The close link between data quality and better risk management has come under the spotlight in recent years as a result of the financial crisis and the ensuing regulatory crackdown on financial markets. Regulators such as the UK Financial Services Authority (FSA) and the US Securities and Exchange Commission (SEC) have even been making noises about the importance of the data underlying risk calculations and therefore have been more frequently drilling down into this data for supervisory purposes. However, the biggest driver by far has been the advent of Basel III and the fundamental changes being introduced as part of this new regulation, which brings risk management into the equation right from the front office to the back.
Basel III is aiming to raise the quality, consistency and transparency of firms’ capital bases, which as well as alterations to the makeup of their tier one, two and three levels of capital, also means the provision of more supporting data about these instruments. New regulatory reports and increased data transparency will obviously result in technology investment and a large proportion of this will initially need to go towards data management infrastructure.

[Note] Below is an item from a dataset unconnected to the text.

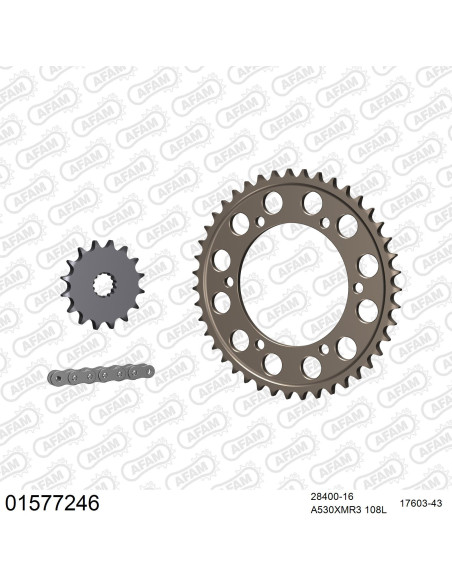 Kit chaine 530 AFAM - Couronne alu anti-boue - Type de chaine au choix - SUZUKI GSXR 750 1996-1997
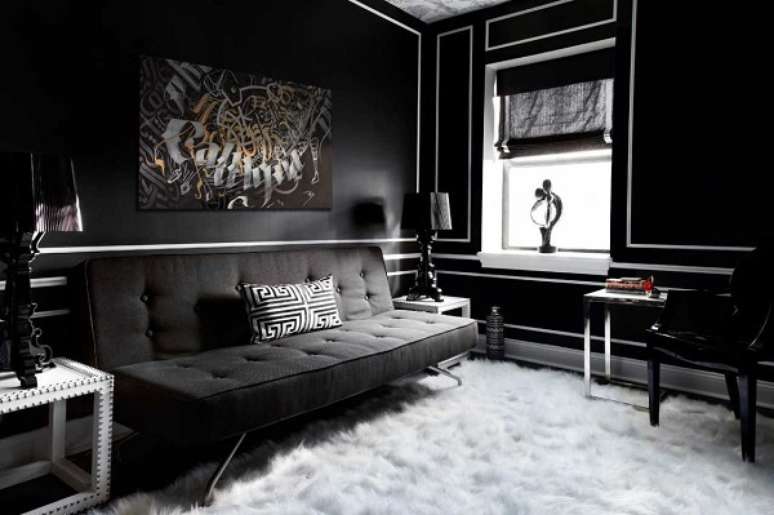 51. Sala preta e branca com tapete felpudo e móveis escuros – Foto Futurist Archictecture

Moreover, the enhancement of risk coverage is also a focus of Basel III that will mean stress testing will factor much more in risk modelling and analytics. Much the same as liquidity risk, firms will need to use stressed inputs and include factors such as “wrong way risk”, correlation multipliers and centralised exchange incentives (as the regulatory community continues in its crusade to force more instruments onto exchanges and via central clearers) in their calculations. All of this essentially means an increase in the data sets that must be dealt with by those involved in the risk management function and hence more data to be kept clean.

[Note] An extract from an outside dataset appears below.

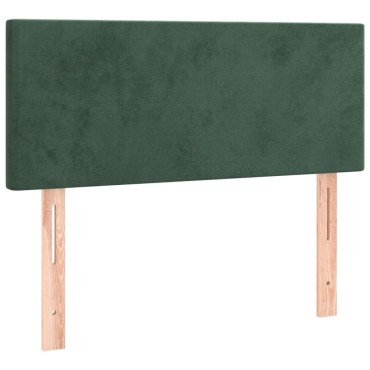 vidaXL Κρεβάτι Boxspring με Στρώμα Σκούρο Πράσινο 90x190 εκ. Βελούδινο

This plethora of new requirements has led to discussions about enterprise risk management strategies and how firms can move from their currently siloed approach to the risk function to a much more integrated one. After all, one of the basic tenets of conducting an integrated risk management function is the connecting of the multiple siloed data sets that must be used to feed into risk calculations, both historical and real-time.
As noted recently by Tom Dalglish, director and chief information architect at Bank Of America Merrill Lynch, regulatory and risk management pressures are therefore compelling firms to plough investment into their data infrastructures in order to be able to ensure the consistency of the basic reference data underlying their businesses. “The pressing requirement on the regulatory front is the ability to provide consistent data across the firm, track data flows and usage, leverage consistent identifiers and provide an auditable chain of custody for data as it traverses the enterprise,” says Dalglish.
“Firms need to focus on what they are doing across lines of business to guarantee that all users are looking at consistent data and at the same time reduce duplicate storage, improve the process of data entitlement and authentication and increase the auditability of data. There are anticipated regulatory requirements for providing evidence of a data governance policy and traceability of data,” he continues. Many of these requirements are in-built into Basel III, which includes specific references to the ability for regulators to be able to drill down into risk calculations and determine the quality of data used.
However, the changes required to meet Basel III requirements will not come cheap: according to an estimate by UBS last year, firms may need to raise US$375 billion of fresh capital to comply with the new rules. It is assumed that Basel III will also be implemented in a much quicker manner than its predecessor, which suffered endless delays, due to the appetite for regulatory change at the moment and the fact that a lot of the groundwork has already been done with the Capital Requirement Directives (CRDs). Of course, this will also mean firms will need to get their new systems online and ready to produce the altered risk calculations in a much tighter timeline.
This is a challenge that should prove tough alongside the liquidity risk reporting changes and other widespread reforms sweeping the market. Accounting changes are also a risk related challenge that is compelling investment in data management. In the post-crisis environment, the expected losses provisioning approach to accounting, for example, requires the incorporation of a broader range of credit information, both quantitative and qualitative, which must be drawn from banks’ risk management and capital adequacy systems. This data must be transparent and subject to appropriate internal and external validation by auditors, supervisors and other constituents.
The focus of the work has been on improving the “relevance” and “usefulness” of accounting standards and has thus been centred on increasing transparency and therefore the depth of the data provided with pricing and valuations. Regulators and end clients will require firms to provide a sufficient level of data around how they achieved their pricing and figures for accounting; much like for risk management. The changes should also lend to the cause of the chief risk officer (CRO) in endeavouring to get a better handle on a firm’s financial position.
The close link between reliable, high quality data and accurate risk calculations is well understood; it is now up to the industry to take action.